The fool hath planted in his memory
An army of good words, ....

The Merchant of Venice, Act 3, Scene 5, c.line 54ff.

Shakespeare always alerts us to his own skill in ‘word play’, harping on the fact the ‘every fool can play upon the word’. Lorenzo is referring to a conversation Jessica has reported Gobbo had with her (line 30ff.):

JESSICA  Nay, you need not fear us, Lorenzo. Lancelet
and I are out. He tells me flatly there’s no mercy for
me in heaven because I am a Jew’s daughter; and
he says you are no good member of the commonwealth,
for in converting Jews to Christians you
raise the price of pork.

The prohibition of pork meat is the only overt reference in the play to Jewish religious law that is specifically dietary, but it comes just before the nonsense Gobbo creates around words relating to the serving of food and specifically meat (the bit I have quoted from line 54 has the only two instances of the word ‘meat’ in the play) . Yet in this exchange the main witty ambiguity concerns the many meanings at the time (and some now) of the verb ‘to cover’, as described below on etymonline.com, with some key contradictory meanings bolded by myself:

cover (v.): mid-12c., “protect or defend from harm,” from Old French covrir “to cover, protect, conceal, dissemble” (12c., Modern French couvrir), from Late Latin coperire, from Latin cooperire “to cover over, overwhelm, bury,” from assimilated form of com-, here perhaps an intensive prefix (see com-), + operire “to close, cover,” from PIE compound *op-wer-yo-, from *op- “over” (see epi-) + root *wer- (4) “to cover.” / Sense of “to hide or screen” is from c. 1300, that of “to put something over (something else)” is from early 14c. Sense of “spread (something) over the entire extent of a surface” is from late 14c. Military sense of “aim at” is from 1680s; newspaper sense first recorded 1893; use in U.S. football dates from 1907. Betting sense “place a coin of equal value on another” is by 1857. Of a horse or other large male animal, as a euphemism for “copulate with” it dates from 1530s.

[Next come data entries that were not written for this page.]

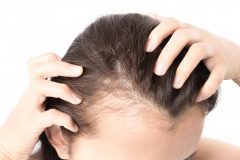 Menopause and the dreaded hair loss!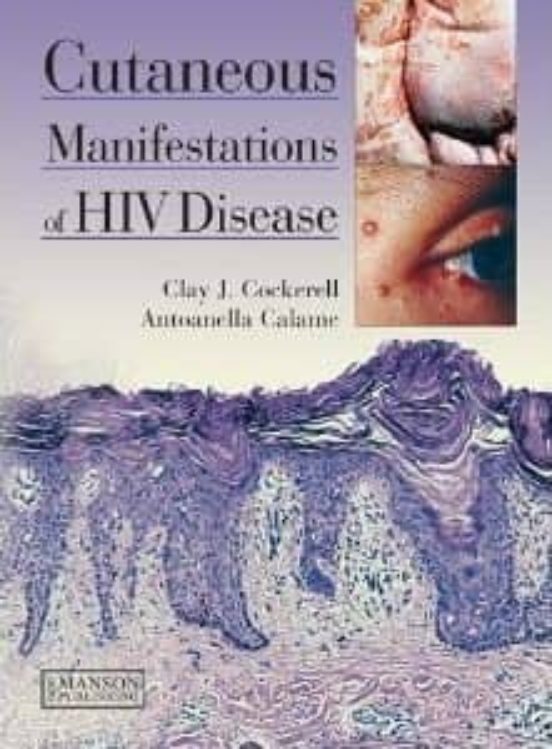 Cutaneous Manifestations Of Hiv Disease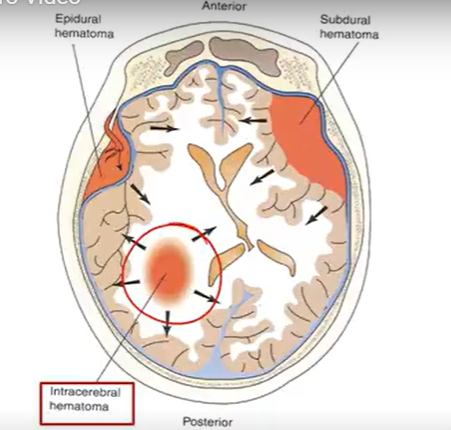 <ul><li><p>Whiplash: stopping too quickly</p></li><li><p>COUP injury: directly in injury site</p></li><li><p>Counter COUP: opposite injury site</p></li><li><p>BRAIN HEMATOMEAS: collection of blood</p><ul><li><p>Epidural: between skull & dura mater; rapid bleeding (meningeal artery tearing) → unconscious → lucid period</p><ul><li><p>Brain compression; good prognosis</p></li><li><p>HA, V, confusion, drowsy</p></li></ul></li><li><p>Subdural: dmg in bridging veins (dura -arachnoid mater)</p><ul><li><p>Bleeding progresses quickly → ^^^ ICP → high mortality</p></li></ul></li><li><p>Intracerebral: anywhere in brain (trauma or hemorrhagic stroke)</p><ul><li><p>size & location → Vomiting</p></li><li><p>resolves by itself of through surgery</p></li></ul></li><li><p>Subarachnoid: (arachnoid-pia mater)</p><ul><li><p>From cerebral aneurysm/trauma; rapid onset</p></li><li><p>R/xL intracranial aneurysm, HTN, smoking, ETOH, cocaine</p></li><li><p>s/s: vomiting, AMS, fever, seizure</p></li></ul></li></ul></li></ul><p></p>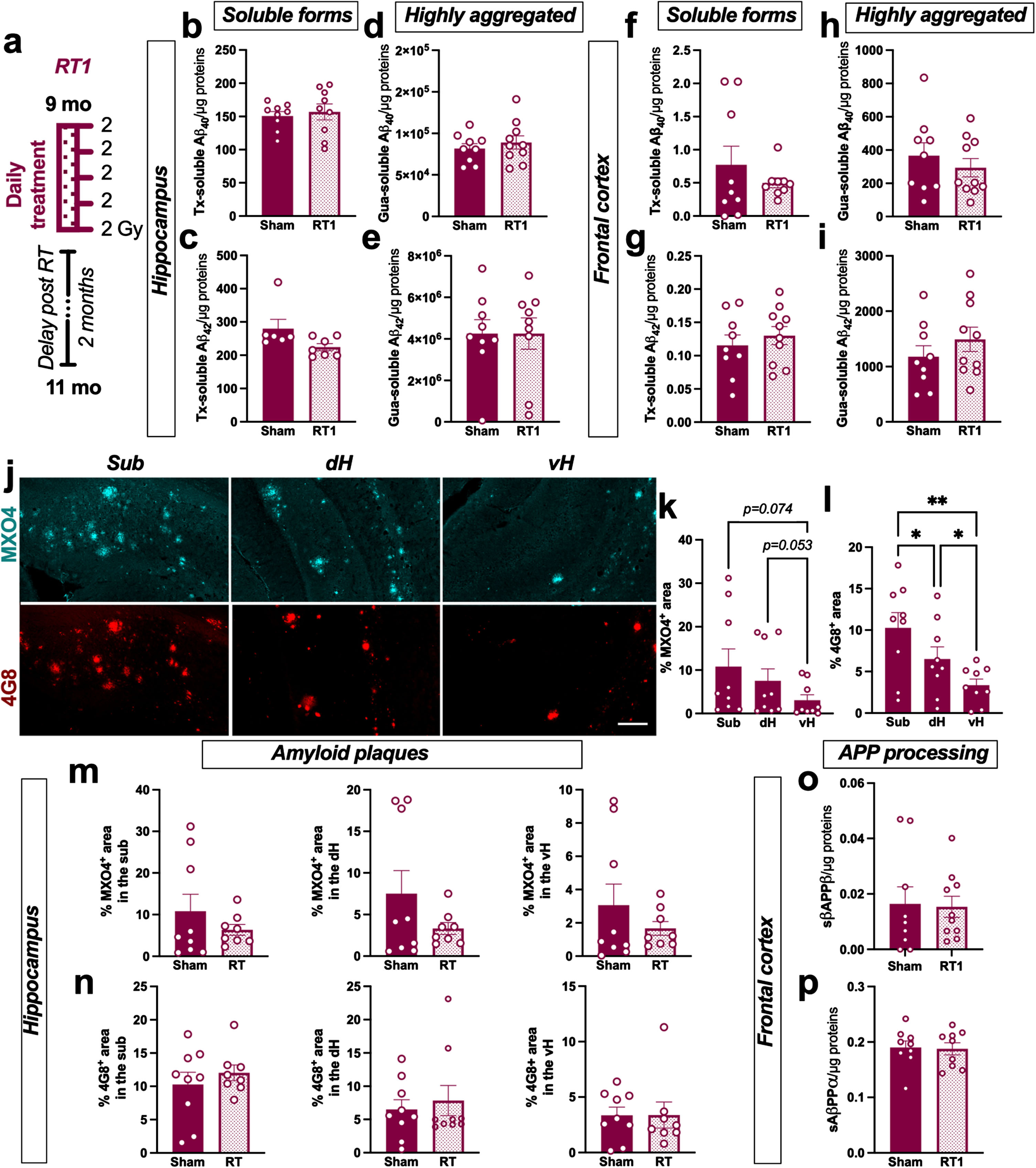 LD-RT does not reduce amyloid load in early AD females. a) Female TgF344-AD were bilaterally treated by X-ray radiation (2 Gy×5 fractions delivered daily; RT1) at 9-month-old, modeling an early AD stage, and analyzed 2 months later. Sham-treated TgAD rats and WT were only anesthetized. Concentration of Aβ40 (b) and Aβ42 (c) measured in the triton (Tx) soluble fraction of the hippocampus by ELISA. Concentration of Aβ40 (d) and Aβ42 (e) measured in Gua-soluble fraction of the hippocampus by ELISA. (f–i) Concentration of the different Aβ peptides in the frontal cortex by ELISA. (j) Representative images of amyloid plaques labelled with Methoxy-XO4 (MXO4; blue) or 4G8 antibody (red) in hippocampal subregions in a sham treated TgAD rat. Scale bar = 150 μm. Distribution of MXO4+ (k) and 4G8+ (l) plaques in the hippocampal subregions (Sub, subiculum; dH, dorsal hippocampus; vH, ventral hippocampus) in sham animals. Quantification of MXO4+ (m) and 4G8+ (n) plaques in the different hippocampal subregions in sham and RT1-treated rats. Concentration of sAβPPβ (o) and sAβPPα (p) in the Tx-soluble fraction of the frontal cortex measured by ELISA. Unpaired t-test or One-way ANOVA and Tukey’s multiple comparisons test. *p < 0.005, **p < 0.01.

Gobbo plays games with the word ‘cover’ allowing its saucy meaning of animal copulation, also available to the word ‘Serve’, another French aristocratic or cavalier inheritance for how a stallion treats a mare. It is almost certain I think that the Elizabethan actors playing Gobbo would have unearthed lots of sexualised puns from Gobbo’s speech, for his indignation is based on the denial of sexual interest as well another meaning of ‘covering, that of being a dissembler rather than a true man. And all of this from a man who has left Jewish service norms to Christian ones. And all this around an absub concentration on a table ‘covered’ with ‘meat’!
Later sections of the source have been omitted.